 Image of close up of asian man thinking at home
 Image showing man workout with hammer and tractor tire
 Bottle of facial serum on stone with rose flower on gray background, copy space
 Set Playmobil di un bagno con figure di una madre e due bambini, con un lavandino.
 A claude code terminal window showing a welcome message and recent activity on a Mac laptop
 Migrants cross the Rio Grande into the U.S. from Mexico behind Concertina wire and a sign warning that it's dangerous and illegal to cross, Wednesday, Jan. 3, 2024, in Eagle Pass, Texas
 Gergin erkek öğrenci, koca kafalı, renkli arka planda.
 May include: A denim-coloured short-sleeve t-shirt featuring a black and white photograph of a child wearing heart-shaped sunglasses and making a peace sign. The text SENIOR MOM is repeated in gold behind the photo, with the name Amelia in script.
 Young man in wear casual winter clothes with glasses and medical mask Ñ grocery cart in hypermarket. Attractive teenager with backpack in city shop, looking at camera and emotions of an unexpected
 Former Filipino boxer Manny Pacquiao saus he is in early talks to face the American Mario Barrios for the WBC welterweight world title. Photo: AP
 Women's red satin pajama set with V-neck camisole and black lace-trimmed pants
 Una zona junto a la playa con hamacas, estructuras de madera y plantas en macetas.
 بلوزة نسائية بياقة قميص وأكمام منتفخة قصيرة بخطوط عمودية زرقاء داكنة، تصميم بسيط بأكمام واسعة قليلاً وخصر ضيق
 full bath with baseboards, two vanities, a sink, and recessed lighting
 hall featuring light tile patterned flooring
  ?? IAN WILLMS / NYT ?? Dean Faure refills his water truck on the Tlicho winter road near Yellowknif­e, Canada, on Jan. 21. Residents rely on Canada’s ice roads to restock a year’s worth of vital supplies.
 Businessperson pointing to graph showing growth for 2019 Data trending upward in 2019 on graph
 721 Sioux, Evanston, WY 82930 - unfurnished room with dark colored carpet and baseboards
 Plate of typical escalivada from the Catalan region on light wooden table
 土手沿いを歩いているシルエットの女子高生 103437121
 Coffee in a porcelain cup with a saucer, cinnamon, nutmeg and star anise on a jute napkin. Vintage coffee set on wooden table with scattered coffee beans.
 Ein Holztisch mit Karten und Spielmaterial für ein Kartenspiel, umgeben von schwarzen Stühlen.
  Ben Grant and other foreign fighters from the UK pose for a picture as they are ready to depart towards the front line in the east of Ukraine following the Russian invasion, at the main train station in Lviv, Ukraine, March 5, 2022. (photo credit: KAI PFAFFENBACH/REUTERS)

> **YOUR ASSIGNMENT**: Look through the entries above. Copy out every line holding the word "featuring".

> **SOLUTION BELOW**:
 May include: A denim-coloured short-sleeve t-shirt featuring a black and white photograph of a child wearing heart-shaped sunglasses and making a peace sign. The text SENIOR MOM is repeated in gold behind the photo, with the name Amelia in script.
 hall featuring light tile patterned flooring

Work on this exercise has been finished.